ロシアの哨戒機が領空侵犯を行った。「対話路線」の岸田外交の手詰まりが招いた総決算のような事件だ。日本政府には言葉ではなく実行力のある行動が求められる。
こう書くと「この人は対立の激化を望んでいるのでは?」と不安になる人が出てくるかもしれないので落ち着いて最後まで読んでいただきたい。
当初は航空路だけを見て「ピンポンダッシュのようだ」と思った。だが事態は意外と深刻だったようだ。
まず共同通信の記事を読む。ほとんど何も書いていない。単に「可能性」を羅列している。
- 日本側の火炎弾(フレア)発射は異例
- ロシア側の哨戒飛行は航空自衛隊の対応を確認するのが目的との見方があり、意図的な領空侵犯によって日本側の出方を探っていた可能性もある。
- ロシア機の領空侵犯はこの合同演習と関連した日本への軍事的けん制の可能性もある。
- 欧米に追随する日本とロシアの関係は冷え込んでいる。ロシアはおそらく非を認めることはないだろう。
この記事で共同通信の配信を取り上げずにYahoo!ニュースを取り上げたのは理由がある。JSF氏の解説がついている。このソノブイ投下で弾薬倉が開いており航空自衛隊が緊張したのではないかと言う指摘である。中から落ちてくるものが何なのか自衛隊にはわからない。
侵入機の写真は爆弾倉の扉が開いており、実際にソノブイを投下した可能性があります。
日本はバイデン大統領に追従する形で防衛費の増額を「自発的に」表明した。その後もアメリカ追従を貫いている。当然ロシアの反発は想定できるのだから何かあったときの対応を議論しておく必要があった。
すずつきの艦長が事実上更迭されている。中国に説明するために処分を差し出した形になっている。可能性は4つある。
- 日本政府が命じた。
- 緊張激化に憤る艦長が義憤にかられて勝手にやった。
- 海上自衛隊の艦船の装備が貧弱でどこを航行しているのかよくわからなくなっている。
- 乗組員と艦長の士気が落ちていてうっかり領海侵犯したが気が付かなかった。
1であれば政府が説明を回避するために艦長を中国に差し出したことになる。だが2〜4であれば政治の側が何らかの対応を行う必要がある。だが自衛隊は憲法外の存在なので公式な発言ができない。だから政府がきちんと説明をする必要があるだろう。だが政府はその義務を怠った。

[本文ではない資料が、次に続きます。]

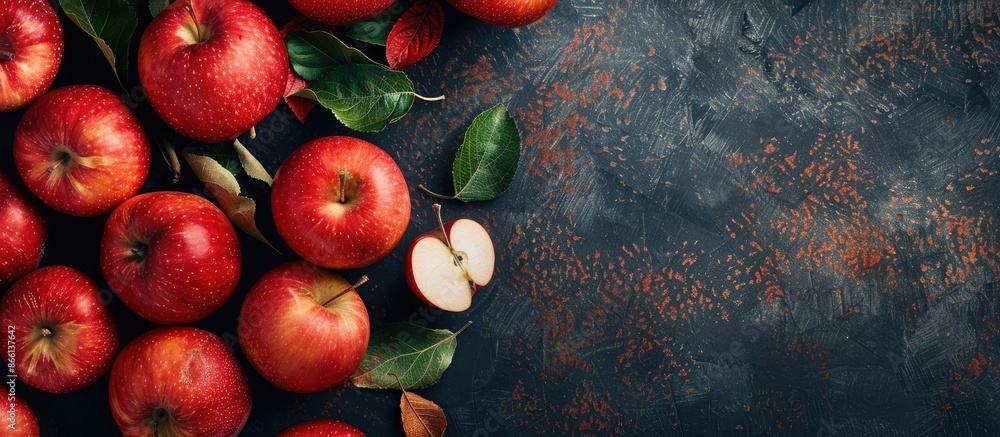 Poster dark background highlighting organic apples with copy space image.
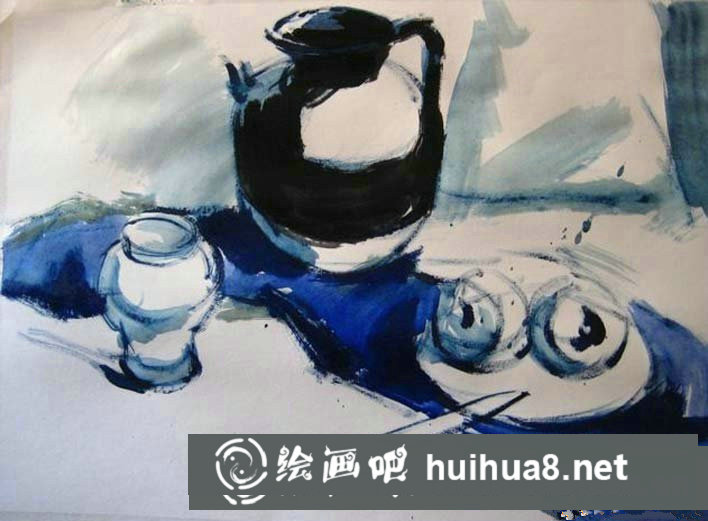 簡單靜物水粉畫步驟圖：罐子,盤子,蘋果,水果刀靜物組合水粉畫法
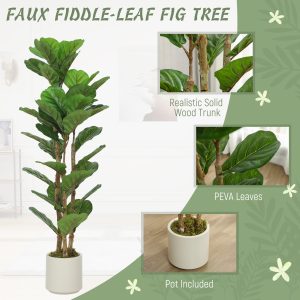 HOMCOM 4FT Artificial Fiddle Leaf Fig Tree, Fake Potted Tree with Solid Wood Trunks and Lifelike Leaves for Indoor Decor, Green - Image 4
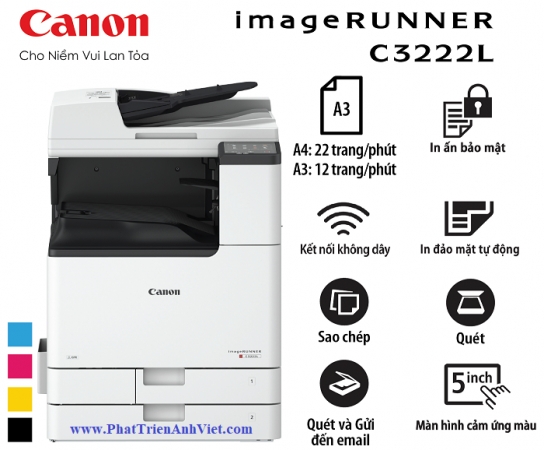 Máy photocopy Canon iR C3222L là thiết bị đa năng, in màu khổ A3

今回の偶発的な事象で仮に衝突がおきたとする。岸田総理は責任を取ってくれるだろうか。すずつきの事例から類推する限り「現場に責任を押し付けるのではないか」と思える。これは危険にさらされる現場を更に萎縮・反発させるだろう。
岸田総理は政治とカネの問題でも統一教会の問題でもきちんとした内部調査をしなかった。問題を隠蔽する狙いがあったのだろうが、内部に溜まっている不満を吸い出し問題を解決する機会も逃している。今回のすずつきの処分でも同じ様な姿勢がうかがえる。とにかく問題解決をめんどくさいものと考えて逃げたがるのである。
岸田総理は「毅然とした対応」を支持したそうだ。だがその具体的内容は極めて杜撰なものだった。これも共同通信が書いている。
- 米国をはじめとする関係国との緊密な連携
- 国内と国際社会への適切な情報発信
総裁選を優先した林芳正官房長官は「注視して警戒する」と言っている。
具体策の欠落と「対応は注視だけ」という姿勢は岸田政権では一貫した対応だった。
力強い発言とは裏腹に「え、実は何もしないんですか?」という姿勢はネット保守を増長させる。根拠なく「憲法9条が手足を縛っているのだ」と主張し「中国やロシアにナメられている」と言う高市早苗氏の言葉に一定の説得力を持たせてしまう。すべて「政府は何もしてくれないのではないか」という不安に根ざしている。
つまり「今ある諸問題を認めずに注視し続ける」姿勢は却って対立を激化させる要因になる。まずは状況が変化しつつあり問題の回避が(日本だけではなくどこの国にとっても)難しくなりつつあることを認めるべきだろう。
岸田政権の無能さは実力の欠如ではない。目の前の問題を捉えて解決しようという意欲のなさに起因している。